## To do
Pull every line with "Black" from the material.

## Exercise materials
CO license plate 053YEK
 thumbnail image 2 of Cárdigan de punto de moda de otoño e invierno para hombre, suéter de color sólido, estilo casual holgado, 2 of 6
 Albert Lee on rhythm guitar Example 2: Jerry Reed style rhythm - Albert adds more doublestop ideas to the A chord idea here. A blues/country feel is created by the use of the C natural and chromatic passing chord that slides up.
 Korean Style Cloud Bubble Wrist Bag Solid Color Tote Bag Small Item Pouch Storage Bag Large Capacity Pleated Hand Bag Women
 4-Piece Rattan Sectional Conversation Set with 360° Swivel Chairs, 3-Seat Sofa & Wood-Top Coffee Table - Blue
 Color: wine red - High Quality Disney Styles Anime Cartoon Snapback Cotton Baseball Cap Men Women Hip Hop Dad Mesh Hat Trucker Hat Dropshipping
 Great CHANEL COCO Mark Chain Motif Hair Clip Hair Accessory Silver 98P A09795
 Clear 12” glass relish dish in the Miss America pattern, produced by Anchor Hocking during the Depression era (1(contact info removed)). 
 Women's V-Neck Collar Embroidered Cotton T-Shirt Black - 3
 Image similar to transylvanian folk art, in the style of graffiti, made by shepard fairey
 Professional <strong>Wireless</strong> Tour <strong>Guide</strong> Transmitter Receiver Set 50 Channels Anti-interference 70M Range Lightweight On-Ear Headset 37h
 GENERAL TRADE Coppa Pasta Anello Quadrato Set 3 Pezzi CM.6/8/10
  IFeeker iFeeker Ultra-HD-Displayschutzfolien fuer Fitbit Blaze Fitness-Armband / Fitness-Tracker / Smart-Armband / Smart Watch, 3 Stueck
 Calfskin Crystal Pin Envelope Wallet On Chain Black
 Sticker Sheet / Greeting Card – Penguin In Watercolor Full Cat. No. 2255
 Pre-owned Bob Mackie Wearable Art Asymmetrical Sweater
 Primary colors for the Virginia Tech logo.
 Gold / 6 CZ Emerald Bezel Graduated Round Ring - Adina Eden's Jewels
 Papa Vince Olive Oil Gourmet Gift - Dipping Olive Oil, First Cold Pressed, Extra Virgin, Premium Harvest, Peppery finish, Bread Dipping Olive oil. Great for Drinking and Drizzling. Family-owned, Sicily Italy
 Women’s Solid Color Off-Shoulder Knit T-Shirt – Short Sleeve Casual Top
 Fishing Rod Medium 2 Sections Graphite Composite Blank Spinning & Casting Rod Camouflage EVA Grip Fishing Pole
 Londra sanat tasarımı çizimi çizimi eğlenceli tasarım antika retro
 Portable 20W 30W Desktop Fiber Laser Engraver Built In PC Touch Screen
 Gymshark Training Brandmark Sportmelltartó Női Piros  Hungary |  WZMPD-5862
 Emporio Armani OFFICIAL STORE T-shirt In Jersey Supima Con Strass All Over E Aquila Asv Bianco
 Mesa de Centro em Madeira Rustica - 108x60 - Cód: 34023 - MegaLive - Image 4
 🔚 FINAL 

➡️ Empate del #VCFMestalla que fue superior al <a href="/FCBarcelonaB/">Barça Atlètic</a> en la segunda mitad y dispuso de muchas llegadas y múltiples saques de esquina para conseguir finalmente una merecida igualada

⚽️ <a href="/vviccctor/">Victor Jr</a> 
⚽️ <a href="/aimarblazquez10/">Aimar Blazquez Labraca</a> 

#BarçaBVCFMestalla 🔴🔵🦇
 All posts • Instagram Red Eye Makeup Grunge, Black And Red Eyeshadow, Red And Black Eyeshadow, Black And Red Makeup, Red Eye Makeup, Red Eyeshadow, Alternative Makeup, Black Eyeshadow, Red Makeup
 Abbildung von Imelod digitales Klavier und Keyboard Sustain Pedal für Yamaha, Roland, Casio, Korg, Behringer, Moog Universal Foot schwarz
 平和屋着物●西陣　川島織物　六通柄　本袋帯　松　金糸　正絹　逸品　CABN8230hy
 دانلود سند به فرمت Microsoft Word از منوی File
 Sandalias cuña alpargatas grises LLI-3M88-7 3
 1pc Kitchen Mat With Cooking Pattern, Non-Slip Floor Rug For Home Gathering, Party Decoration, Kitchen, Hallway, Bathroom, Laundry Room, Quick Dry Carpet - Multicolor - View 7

## Response to the exercise
 Women's V-Neck Collar Embroidered Cotton T-Shirt Black - 3
 Calfskin Crystal Pin Envelope Wallet On Chain Black
 All posts • Instagram Red Eye Makeup Grunge, Black And Red Eyeshadow, Red And Black Eyeshadow, Black And Red Makeup, Red Eye Makeup, Red Eyeshadow, Alternative Makeup, Black Eyeshadow, Red Makeup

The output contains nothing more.